# dtrace¶

dtrace is a powerful Mac OS X kernel instrumentation system that can be used to profile wakeups. This article provides a light introduction to it.

::: Note: The power profiling overview is worth reading at this point if you haven’t already. It may make parts of this document easier to understand. :::

## Invocation¶

dtrace must be invoked as the super-user. A good starting command for profiling wakeups is the following.

sudo dtrace -n 'mach_kernel::wakeup { @[ustack()] = count(); }' -p $FIREFOX_PID >$OUTPUT_FILE


Let’s break that down further.

• The -n option combined with the mach_kernel::wakeup selects a probe point. mach_kernel is the module name and wakeup is the probe name. You can see a complete list of probes by running sudo dtrace -l.

• The code between the braces is run when the probe point is hit.

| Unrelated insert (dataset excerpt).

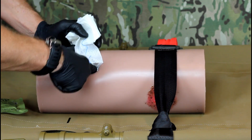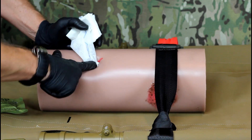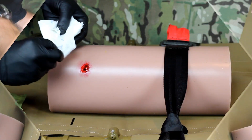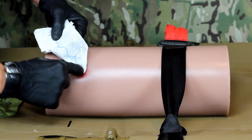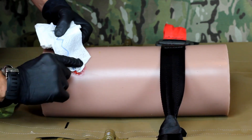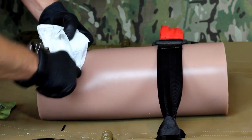Start at the source of bleeding and work outward, packing the space tightly with the gauze as you go. Small caliber gunshot wounds and small shrapnel wounds can be very challenging. It is vital that you get combat gauze into the wound and into contact with the source of bleeding.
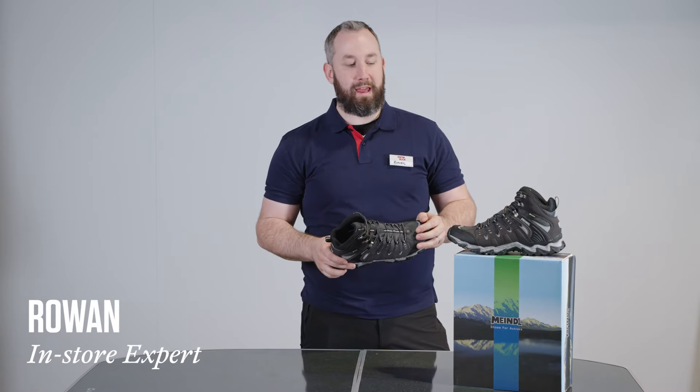Hi, I'm Rowan from Snow & Rock in Exeter, and I'm with the Mindell Respond 2 GTX.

The above code counts unique stack traces when wakeups occur; ustack is short for “user stack”, i.e. the stack of the userspace program executing.

Run that command for a few seconds and then hit [Ctrl]{.kbd} + [C]{.kbd} to interrupt it. dtrace will then print to the output file a number of stack traces, along with a wakeup count for each one. The ordering of the stack traces can be non-obvious, so look at them carefully.

Sometimes the stack trace has less information than one would like. It’s unclear how to improve upon this.